/---
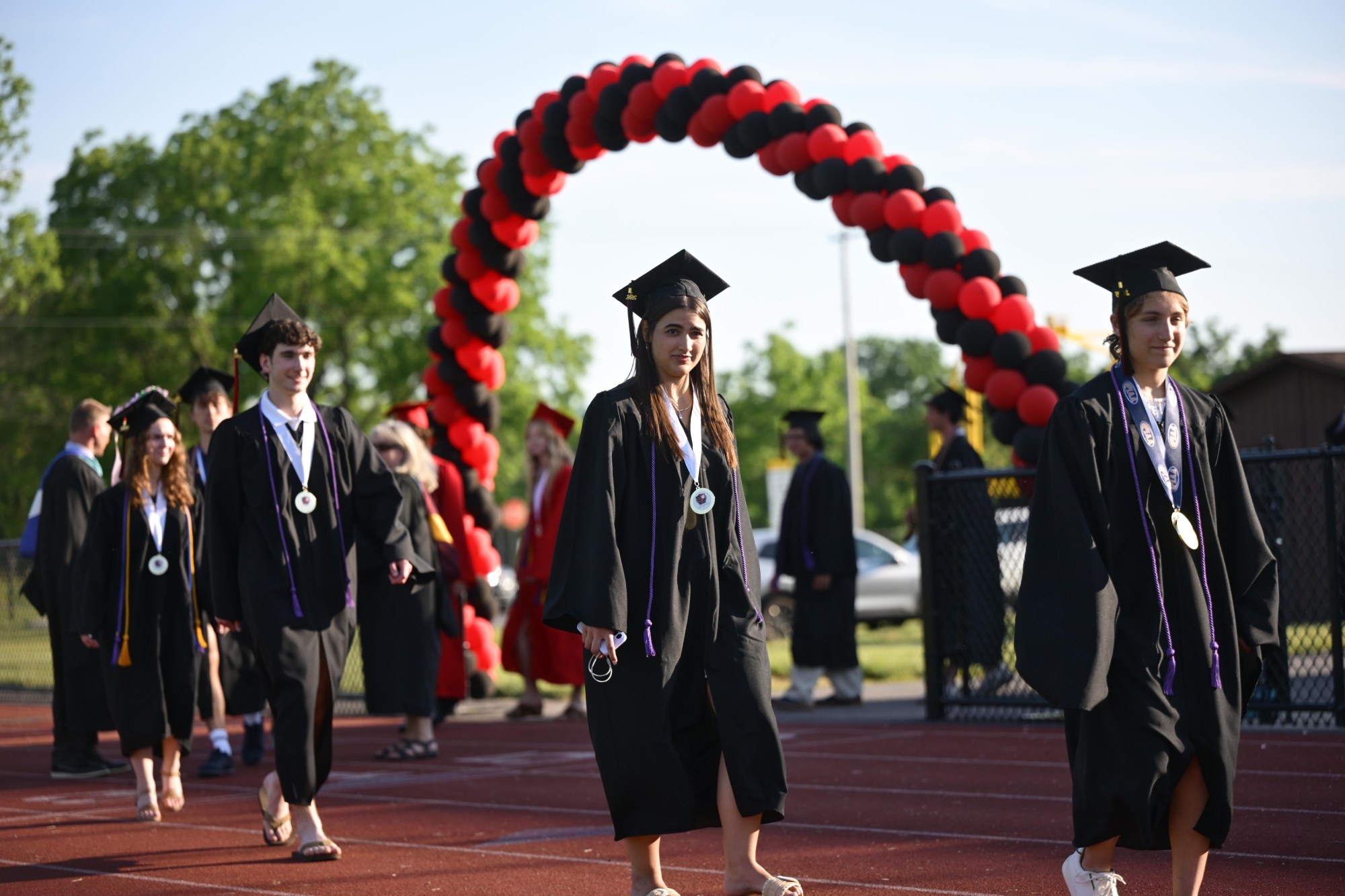 Saucon Valley High School held its 2026 graduation Friday, June 5, at the district stadium. (Monica Cabrera/The Morning Call)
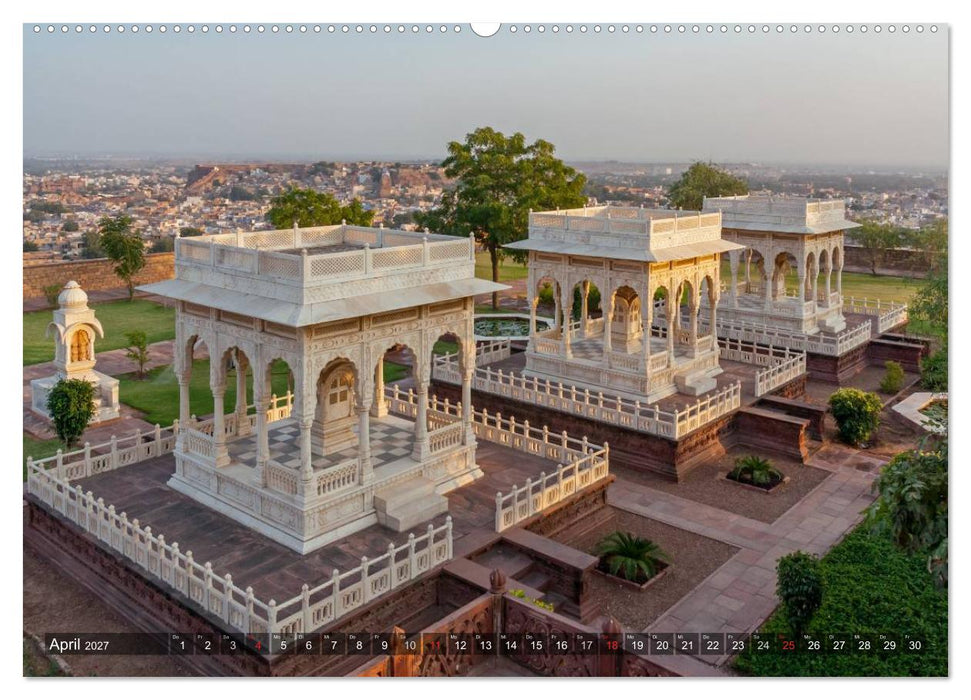 Indien, Rajasthan (CALVENDO Wandkalender 2027)
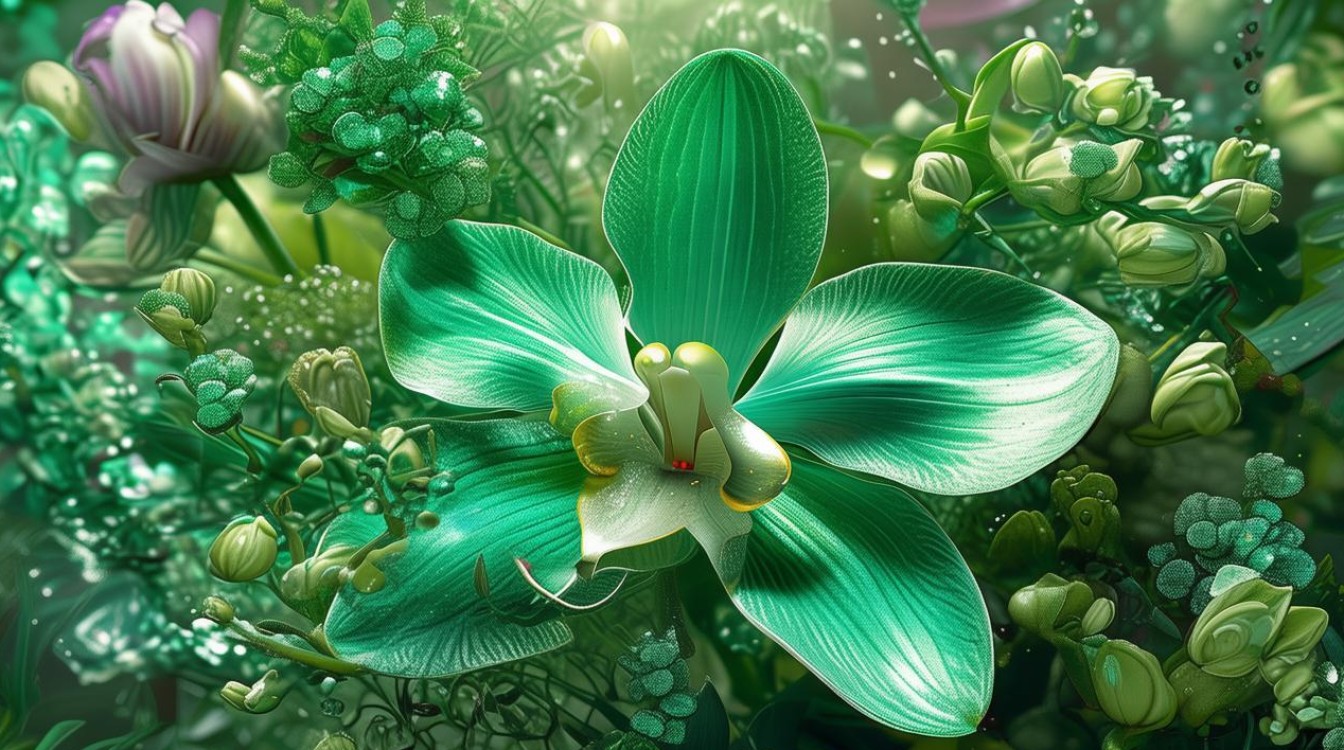 花卉 绿翡翠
\---
[PROBLEM TO SOLVE] Reproduce the material word for word. Any pictures should be left out of the copy.

[SOLUTION]
 Saucon Valley High School held its 2026 graduation Friday, June 5, at the district stadium. (Monica Cabrera/The Morning Call)
 Indien, Rajasthan (CALVENDO Wandkalender 2027)
 花卉 绿翡翠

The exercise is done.